Some weights of DistilBertForSequenceClassification were not initialized from the model checkpoint at distilbert-base-uncased and are newly initialized: ['classifier.bias', 'pre_classifier.bias', 'pre_classifier.weight', 'classifier.weight']
You should probably TRAIN this model on a down-stream task to be able to use it for predictions and inference.


In [22]:
from peft import PeftModel

# load the adapter 
peft_model_for_inference = PeftModel.from_pretrained(
    base_model_for_peft,
    "/tmp/peft_distilbert",
    is_trainable=False
)

# Set up PEFT model trainer for inference
peft_trainer_inference = Trainer(
    model=peft_model_for_inference,
    compute_metrics=compute_metrics,
    eval_dataset=tokenized_test,
)

In [23]:
# Evaluate both models
print("\nEvaluating base model during inference...")
base_inference_results = base_trainer_inference.evaluate()

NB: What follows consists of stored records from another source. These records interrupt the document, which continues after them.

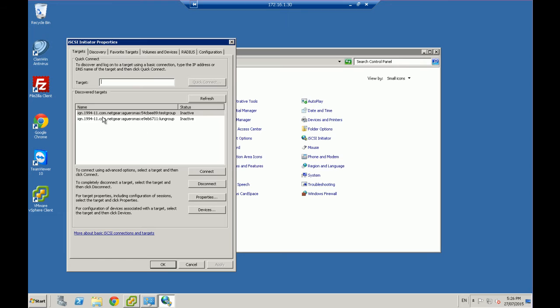This is an IQN number, so this is essentially going to be a unique number for a particular, in my case, a LUN on a NAS device.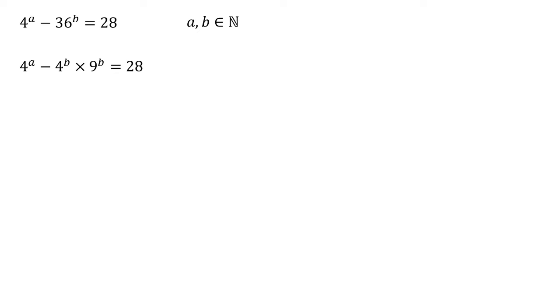We know that four to the A must be larger than 36 to the B because the difference between them is 28, which means that four to the power of A must also be larger than any factors of 36 to the B. So it's larger than four to the power of B.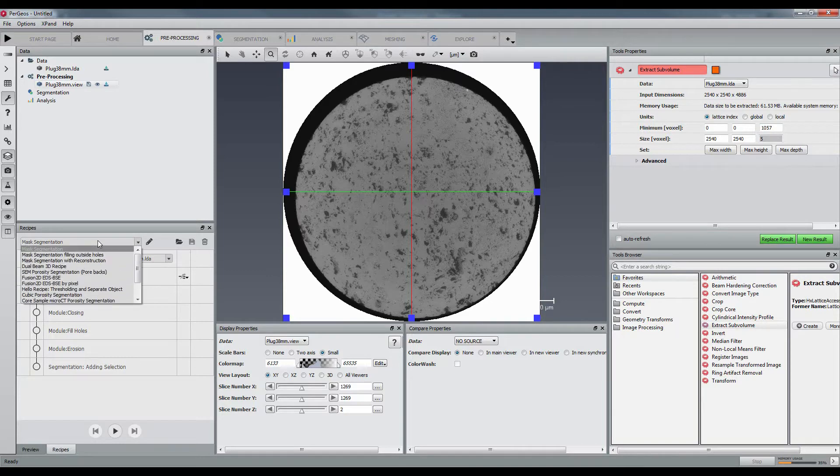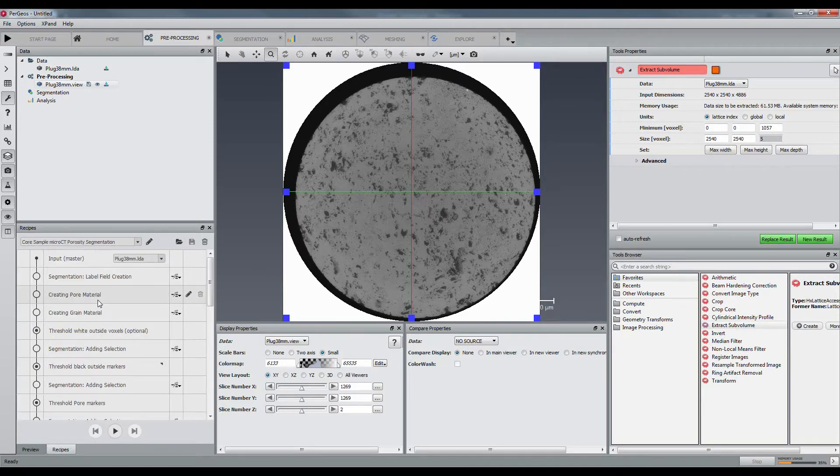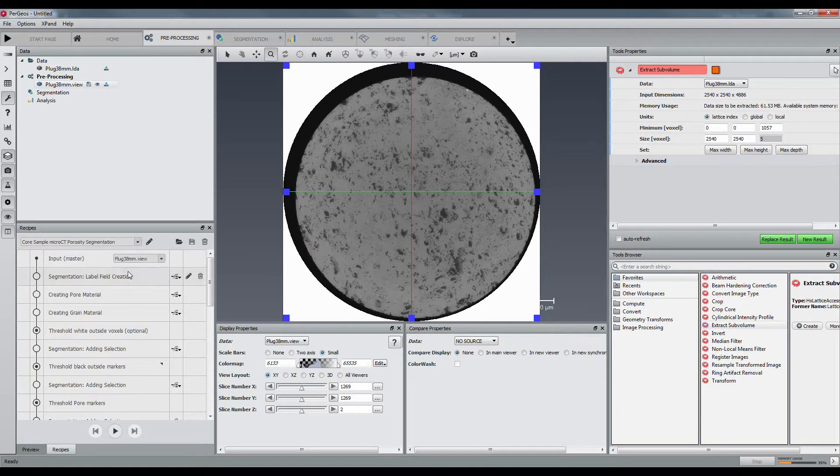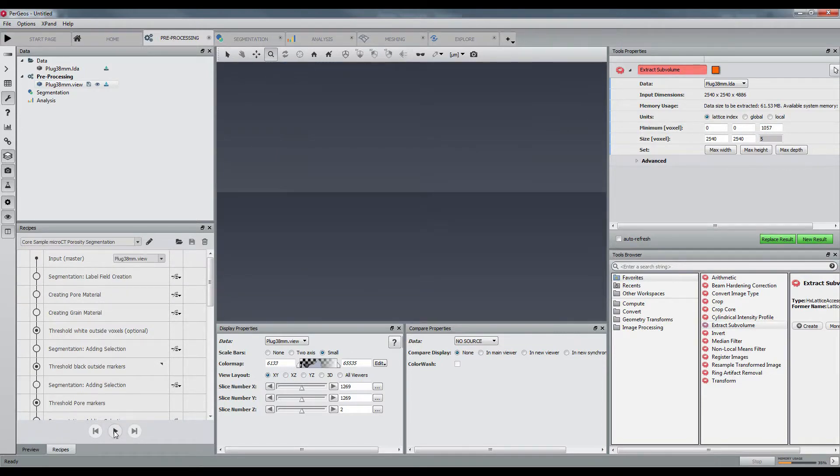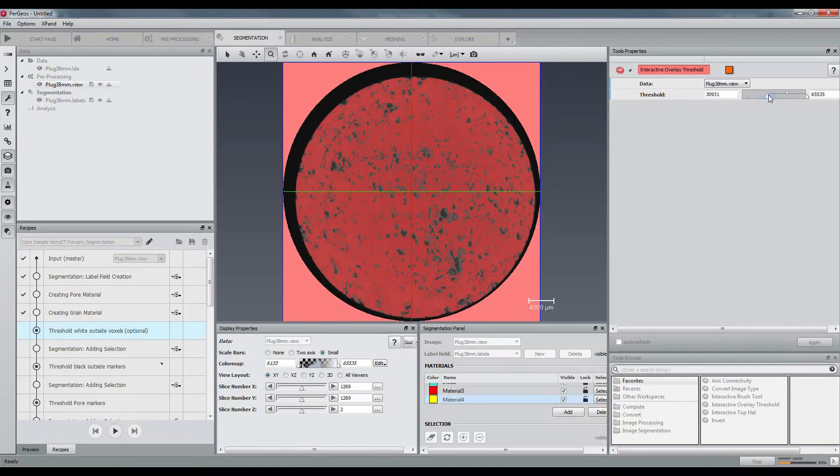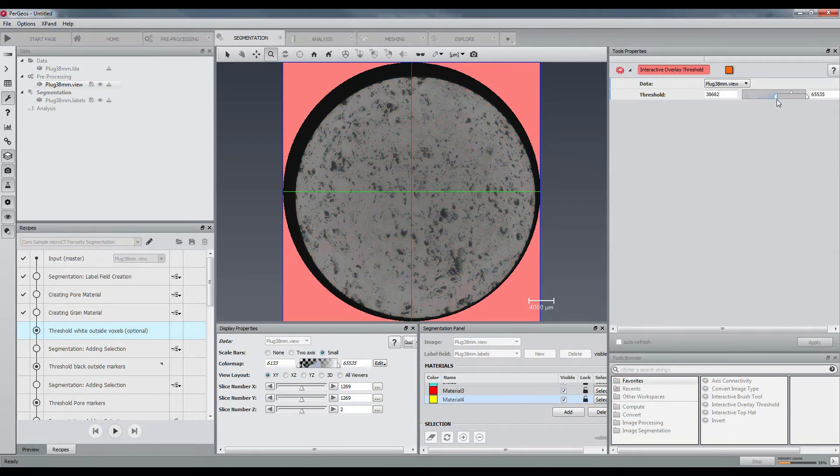Now let's apply the CoreSample MicroCity Porosity Segmentation recipe. The first breakpoint will be used to threshold the white voxels around the core, then the black ring around.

print("\nEvaluating fine-tuned PEFT model during inference...")
peft_inference_results = peft_trainer_inference.evaluate()

# Compare results
print("\n===== Final Evaluation Results =====")
print(f"Base Model Accuracy: {base_inference_results['eval_accuracy']:.4f}")
print(f"Fine-tuned PEFT Model Accuracy: {peft_inference_results['eval_accuracy']:.4f}")
print(f"Improvement: {peft_inference_results['eval_accuracy'] - base_inference_results['eval_accuracy']:.4f}")



Evaluating base model during inference...


Predictions distribution: Positive=2, Negative=998
First 10 predictions: [0 0 0 0 0 0 0 0 0 0]
First 10 labels: [0 0 0 0 0 0 1 0 0 1]

Evaluating fine-tuned PEFT model during inference...


Predictions distribution: Positive=493, Negative=507
First 10 predictions: [0 0 0 0 0 0 1 0 0 1]
First 10 labels: [0 0 0 0 0 0 1 0 0 1]

===== Final Evaluation Results =====
Base Model Accuracy: 0.5000
Fine-tuned PEFT Model Accuracy: 0.9030
Improvement: 0.4030


### Trained PEFT model performance:
These results validate the effectiveness of this LoRA fine-tuning approach. Here’s a breakdown of the improvements:

- **Base Model Performance**: During inference the base model shows a highly skewed prediction distribution (998 negative, only 2 positive predictions). It’s basically defaulting to negative predictions and the accuracy of 50% means the base model is random guessing the classification task. 
- **Fine-tuned Model Success**: The LoRA fine-tuned model shows excellent performance with 90.3% accuracy, exactly matching what we got during training, confirming the PEFT approach worked as intended.
- **Balanced Predictions from Fine-tuned Model**: The fine-tuned model produces a balanced distribution of predictions (493 positive, 507 negative) meaning the model is making nuanced decisions rather than defaulting to one class.
- **Substantial Improvement**: We achieved 40.3 percentage point improvement! 
- **First 10 Predictions**: The fine-tuned model's first 10 predictions perfectly match the labels, while the base model incorrectly predicted all of them as negative.
- **Effective Parameter Efficiency**: The entire DistilBERT model wasn't fine-tuned during LoRA just a few injected adapters got the job done.

These results represent a substantial improvement over the base model's performance.